Devemos tratar o paciente com IC FER de etiologia valvar da mesma forma que o não valvar?

Fernanda Tessari | Vitor Rosa

Sabemos que o tratamento da doença valvar envolve, na maioria dos casos, a correção anatômica da válvula disfuncionante por meio de intervenção, seja cirúrgica ou transcateter, e que, embora úteis para controle de sintomas, não há evidência de benefício do uso de medicações a fim de evitar a progressão da valvopatia ou reduzir morbimortalidade.

Entretanto, dado o caráter progressivo da doença valvar, é frequente a evolução com disfunção miocárdica e queda da fração de ejeção, especialmente nas valvopatias aórticas e insuficiência mitral. A dúvida é: nestes casos, devemos conduzir o paciente conforme as recomendações tradicionais para o tratamento da insuficiência cardíaca com fração de ejeção reduzida (IC FER)?

Mais uma vez, a literatura carece de evidências que suportem essa recomendação, já que os grandes estudos para IC não incluem ou possuem uma baixa representatividade de pacientes com IC de etiologia valvar. Além disso, devemos ter em mente que, a depender da valvopatia em questão, algumas drogas podem trazer prejuízo ao paciente.

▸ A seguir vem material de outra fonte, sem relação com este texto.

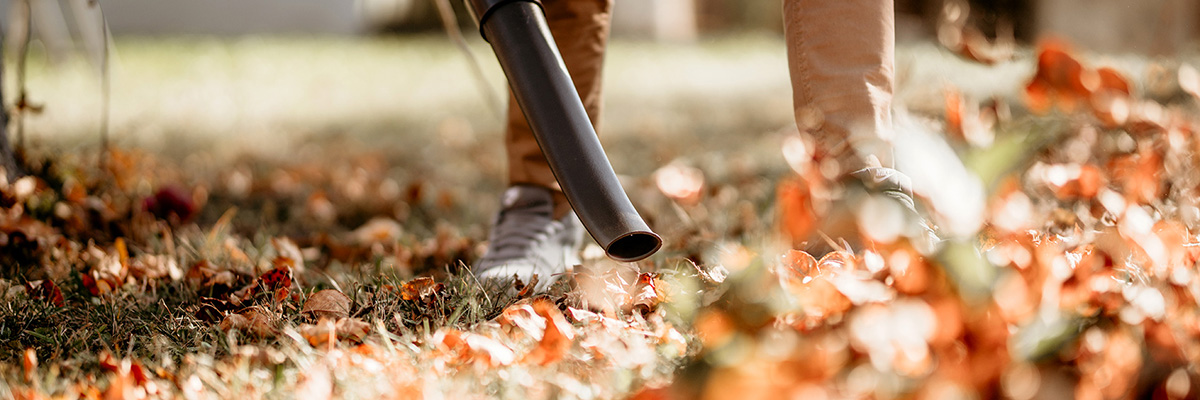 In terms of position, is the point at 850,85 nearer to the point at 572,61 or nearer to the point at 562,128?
the point at 562,128

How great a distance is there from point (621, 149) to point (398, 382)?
220 cm

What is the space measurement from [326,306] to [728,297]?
1.86 feet

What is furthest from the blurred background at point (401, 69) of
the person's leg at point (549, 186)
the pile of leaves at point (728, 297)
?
the person's leg at point (549, 186)

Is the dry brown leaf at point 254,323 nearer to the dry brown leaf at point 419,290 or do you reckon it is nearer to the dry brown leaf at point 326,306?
the dry brown leaf at point 326,306

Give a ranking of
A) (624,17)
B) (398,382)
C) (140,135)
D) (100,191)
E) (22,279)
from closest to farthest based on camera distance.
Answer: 1. (398,382)
2. (22,279)
3. (100,191)
4. (140,135)
5. (624,17)

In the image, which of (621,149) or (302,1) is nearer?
(621,149)

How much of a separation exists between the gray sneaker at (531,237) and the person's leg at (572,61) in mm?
26

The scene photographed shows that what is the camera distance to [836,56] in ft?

● Na estenose aórtica, o uso de IECA ou BRA parece seguro, porém, assim como outros vasodilatadores, como nitratos e hidralazina, apresentam risco de hipotensão e, portanto, devem ser utilizados com cautela; os betabloqueadores, por sua vez, são evitados, uma vez que podem interferir nos mecanismos compensatórios do coração, reduzindo o inotropismo e piorando o débito cardíaco;
● Na insuficiência aórtica e mitral, o uso de vasodilatadores pode ter benefício na redução do volume regurgitante e controle de sintomas, mas não há evidências de impacto na redução de desfechos cardiovasculares. Por outro lado, o uso de betabloqueadores, ao reduzir a frequência cardíaca, pode aumentar o volume regurgitante e, portanto, deve ser feito com cautela;
● Diuréticos devem ser utilizados para controle de sintomas congestivos, podendo ser associados diuréticos de alça, tiazídicos e antagonistas mineralocorticoides, de maneira similar à IC, como ponte até a intervenção.

Exceção deve ser feita aos casos de insuficiência mitral secundária, em que o tratamento volta-se primordialmente à causa de base, devendo, nestes casos, ser instituído o tratamento convencional.

Em resumo, o tratamento do paciente com insuficiência cardíaca valvar deve ser
fundamentalmente baseado na intervenção sobre a valvopatia, estando a terapia medicamentosa associada principalmente a controle de sintomas, mas com evidência insuficiente quanto ao impacto sobre desfechos cardiovasculares.

Referências:

  • Borer JS, Sharma A. Drug Therapy for Heart Valve Diseases. Circulation. 2015;132(11):1038-1045.